La renuncia de Benedicto XVI a su condición de Papa tomó por sorpresa a todo el mundo. Pese a su edad avanzada, nadie esperaba que el máximo jerarca de la Iglesia Católica decidiera abandonar el Vaticano para irse a pasar sus últimos días al monasterio de Castel Gandolfo. Entre los primeros que debieron salir a absolver dudas sobre la nueva condición de Benedicto XVI se encuentran los sabios de la Real Academia de la Lengua, a quienes millones de creyentes en el mundo les preguntaron a quemarropa: ¿Y ahora cómo vamos a llamar al Papa?

De afán, porque los últimos sucesos así lo obligaban, los sabios de la RAE decidieron que a Benedicto XVI se le puede llamar “expapa”, rótulo que a mí, que no soy miembro de la RAE, no me gusta ni cinco, entre otras cosas, porque creo que un papa nunca deja de serlo, así renuncie, como tampoco un general pasa a ser exgeneral, a lo sumo se le puede llama “General en uso de buen retiro”. De manera que, al menos para mí, Benedicto XVI seguirá siendo papa.

Pero la renuncia de Benedicto XVI también tomó por sorpresa a quienes se encargan de sus pertenencias más íntimas, desde sus coloridos y siempre bien lustrados zapatos color cardenal, hasta su Anillo del Pescador o Pescatorio. Pero, ¿qué ocurre cuando un papa renuncia? La pregunta, por supuesto, no es un asunto menor, dada la trascendencia del hecho. Por fortuna, esta otra duda razonable también tuvo pronta respuesta: el Pescatorio de Benedicto XVI será destruido, como sucede cuando cada Papa muere, y el nuevo Papa tendrá su propio Anillo del Pescador.

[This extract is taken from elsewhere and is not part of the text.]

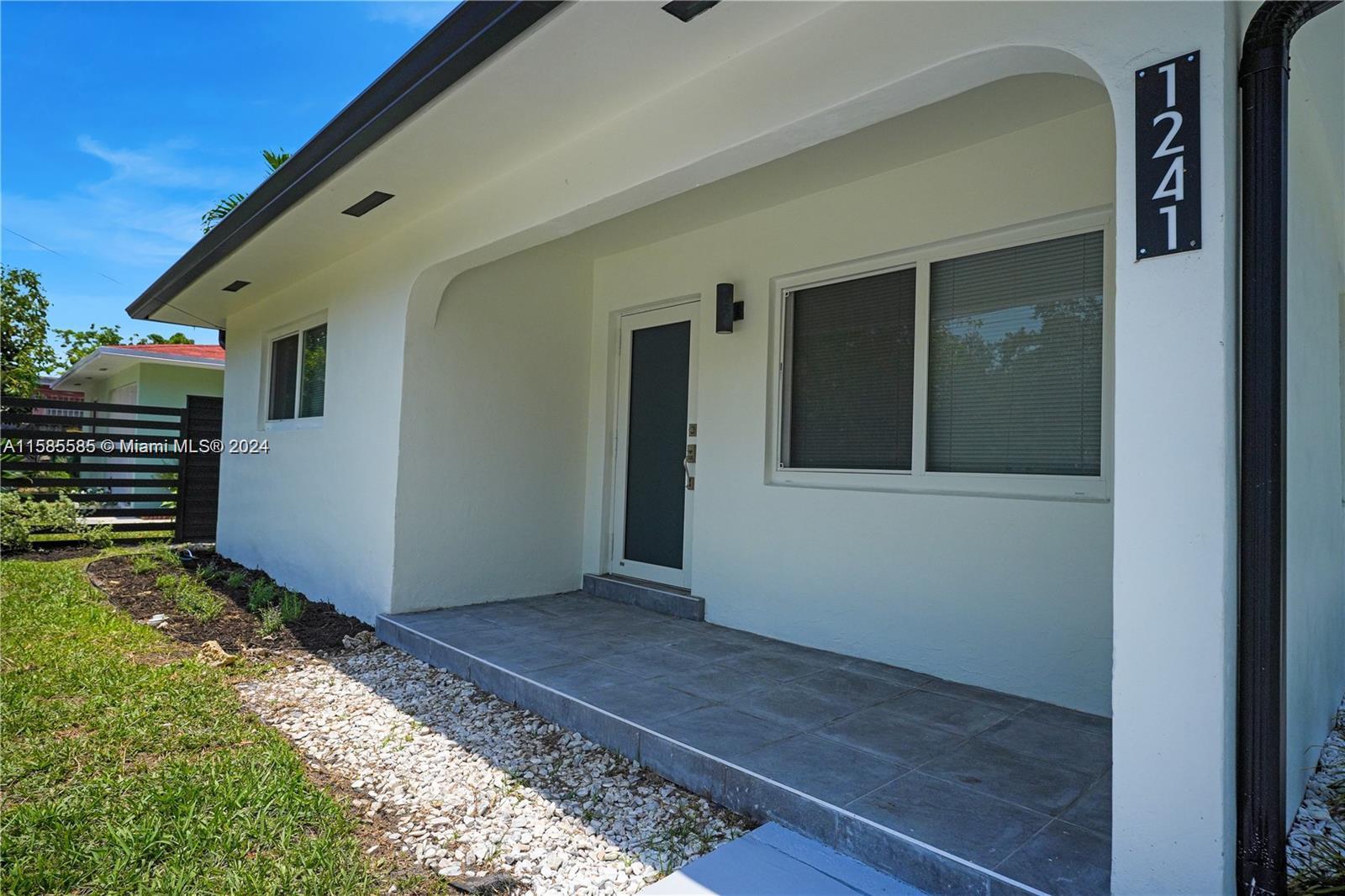 1241 NW 25th # 1241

La renuncia de un papa no es algo que se dé con frecuencia. De hecho, solo cuatro lo han hecho en la historia de la Iglesia Católica. El último fue Gregorio XII, en 1415. Ahí radica buena parte de la incertidumbre que aún acompaña a los miles de millones de católicos del mundo. ¿Cómo llamar a Benedicto XVI a partir del 28 de febrero? ¿Cardenal Josep Ratzinger? ¿No es una forma de degradarlo? ¿Se puede ser Coronel después de llegar a ser General?

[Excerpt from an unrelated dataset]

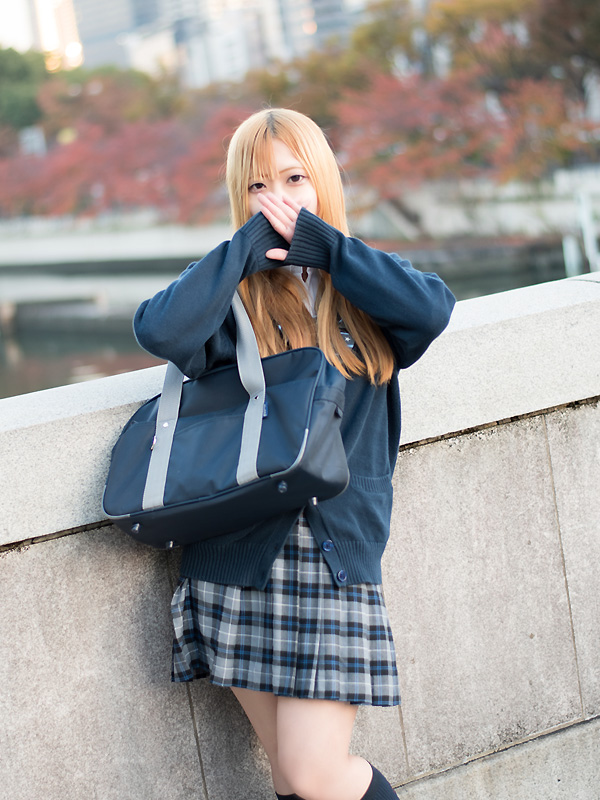 レム♡ロリっ子｜大阪 梅田 兎我野町 ホテルヘルス【パンチラJK】〜NO PANTY NO LIFE〜『見たい！嗅ぎたい！触りたい！！』キュートで無邪気な小悪魔JKがエロエロ全開大胆ご奉仕♪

La sabia decisión que tomó Benedicto XVI produjo, además, una controversia sobre las razones de su retiro. Contrario a quienes han empezado a especular sobre ese asunto y han planteado todo tipo de hipótesis, algunas más estrambóticas que otras, entre ellas las que tienen que ver con el escándalo de los llamados ‘vatileaks’ y con un golpe sufrido en la cabeza durante su viaje a México en 2012, creo que ningún papa renuncia por un escándalo en el que no tiene nada que ver, ni mucho menos por un golpe que se propinó cuando se estaba afeitando.

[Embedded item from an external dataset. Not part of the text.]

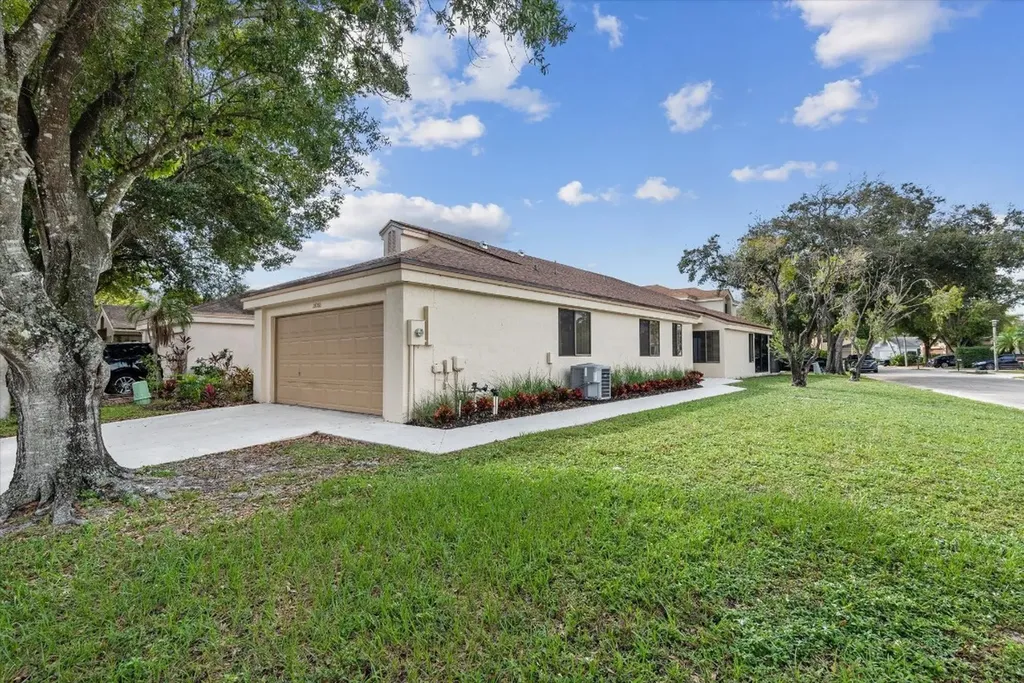2051 NW 38th Avenue Coconut Creek FL 33066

A diferencia de quienes consideran que detrás de la salida de Benedicto XVI hay una trama oscura que pretende ocultar mafias poderosas o cualquier otro tipo de motivación perversa, soy de los que piensan que el Papa renuncia porque está cansado y quiere descansar. Punto. Benedicto XVI considera que, dada su edad avanzada, no está en condiciones físicas ni mentales para continuar con su ministerio petrino. Esa es la razón de su renuncia. Como todo ser humano, Benedicto XVI quiere disfrutar de la tranquilidad que se merece. Otros a esa edad, la Reina Isabel de Inglaterra, por ejemplo, prefieren seguir en la brega, mientras tortura a Carlos, el príncipe heredero del trono, que ya parece mayor que ella.

De manera que Benedicto XVI ha decidido voluntariamente retirarse a sus aposentos. Con discreción y humildad consideró que la Iglesia Católica debe tener al frente a alguien más joven y con más bríos para que continúe la cada vez más difícil y exigente misión evangelizadora. Ello lo muestra más humano, más terrenal y, sobre todo, más desprendido del poder, algo que a decir verdad es cada día más escaso entre los poderosos. Es un ejemplo que deben imitar muchos y no solo en el Vaticano.